The problem we have written here (no matter which equivalent formulation we used) is what we call the primal linear program. It’s now time for you to learn about the dual linear program! The dual program will totally change our understanding of the problem, and that’s why it’s so cool. I hope you are as excited as I am!

In the primal program, constraints had constant numbers on their right. These constant numbers are our ressources. They say what we are able to do concerning each constraint. The dual problem consists in evaluating how much our combined ressources are worth. If the offer meets the demand, our ressources will be just as much as their potentials, which is the worth of the robbery. Sweet, right?

Let’s go more into details. In the dual problem we will attribute values to the ressources (as in “how much they’re worth”). These values are called the dual variables. In our case, we have two constraints, so we will have 2 dual variables. The first dual variable, let’s call it $value_{\textrm{volume}}$ refers to the value of one unit of volume. As you have figured it out, the second dual variable refers to the value of one unit of weight. $value_{\textrm{weight}}$ seems like a right name for it, right?

Now, I bet you can write the value of the robbery with these two new variables… Let’s see if we get the same result.

$$\textrm{Total Value} = value_{\textrm{volume}} \textrm{Volume}_{\textrm{limit}} + value_{\textrm{weight}} \textrm{Weight}_{\textrm{limit}}$$

If I wanted to sell my ressources, potential buyers are going to minimize the value of my ressources. So their valuations are the minimum of the total value. But as a seller, I will argue that each of my ressource is worth a lot, because it enables the robbery of more gold and more bills.

Obviously, the values of ressources depend on the actual values of gold and bills per volume. Let’s have a thought about the value of gold (and then you’ll be able to apply the same reasoning to bills). If the constraints enabled us to steal one more volume of gold, then incremental value of the robbery would be at least the value of this one volume of gold, right? It could be more, if we use the new constraints to steal something else than gold that’s worth more. What I’m saying is that, if the total volume enabled us to steal one more unit of volume of gold, and if we could carry one more unit of weight of one volume of gold, then the value of this incremental steal would be at least the value of one more volume of gold. Let’s write it.

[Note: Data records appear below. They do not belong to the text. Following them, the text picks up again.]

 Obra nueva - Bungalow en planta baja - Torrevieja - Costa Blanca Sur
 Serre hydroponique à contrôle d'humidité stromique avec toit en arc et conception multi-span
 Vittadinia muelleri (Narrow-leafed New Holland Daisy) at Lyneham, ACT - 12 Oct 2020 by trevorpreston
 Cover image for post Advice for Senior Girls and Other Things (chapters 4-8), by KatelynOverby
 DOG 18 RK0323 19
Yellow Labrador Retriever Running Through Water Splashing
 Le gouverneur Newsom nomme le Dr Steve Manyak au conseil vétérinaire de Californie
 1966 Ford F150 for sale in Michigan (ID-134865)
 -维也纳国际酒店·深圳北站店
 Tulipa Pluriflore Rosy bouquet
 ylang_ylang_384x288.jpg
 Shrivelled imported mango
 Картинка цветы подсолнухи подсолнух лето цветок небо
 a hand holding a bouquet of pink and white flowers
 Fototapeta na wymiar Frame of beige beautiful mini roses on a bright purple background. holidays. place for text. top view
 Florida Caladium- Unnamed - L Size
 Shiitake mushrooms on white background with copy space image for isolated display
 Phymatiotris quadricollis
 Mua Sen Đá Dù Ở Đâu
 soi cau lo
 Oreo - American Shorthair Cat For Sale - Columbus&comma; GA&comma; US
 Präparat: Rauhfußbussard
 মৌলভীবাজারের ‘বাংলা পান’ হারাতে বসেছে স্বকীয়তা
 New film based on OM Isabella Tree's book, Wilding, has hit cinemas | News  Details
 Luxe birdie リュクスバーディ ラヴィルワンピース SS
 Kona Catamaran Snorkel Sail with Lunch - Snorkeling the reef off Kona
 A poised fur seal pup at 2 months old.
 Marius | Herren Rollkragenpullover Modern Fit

$$value_{\textrm{volume}} + value_\textrm{weight} \textrm{Density}_\textrm{gold} \geq \textrm{Value}_\textrm{gold}$$

I’ll let you write the similar constraint for bills. In fact, we can do this reasoning with any variable of the primal problem and ask ourselves the question: “If we add one unit of the variable, how will it affect the total valuation?” From that we deduce a constraint on dual variables. As you see, any variable in the primal problem is associated with a constraint in the dual problem and vice-versa.

We are almost done. Let’s notice the fact that if we increase the total volume, then we have more possibilities for the primal variables, which are the volumes of stolen gold and bills. Therefore, the value of a unit of volume cannot be negative. This adds two more constraints on the sign of dual variables. Now, we’re done and we can write the dual problem.

$$\textrm{Minimise} \quad value_{\textrm{volume}} \textrm{Volume}_{\textrm{limit}} + value_{\textrm{weight}} \textrm{Weight}_{\textrm{limit}} \\\\

\textrm{Subject to} \quad value_{\textrm{volume}} + value_\textrm{weight} \textrm{Density}_\textrm{gold} \geq \textrm{Value}_\textrm{gold} \\

\textrm{} \qquad \qquad \quad \;\; value_{\textrm{volume}} + value_\textrm{weight} \textrm{Density}_\textrm{bills} \geq \textrm{Value}_\textrm{bills} \\

\textrm{} \qquad \qquad \quad \;\; value_\textrm{volume} \geq 0 \\

\textrm{} \qquad \qquad \quad \;\; value_\textrm{weight} \geq 0 $$

And it always does! The dual program of a linear program is a linear program! Let’s have a look at the feasible set.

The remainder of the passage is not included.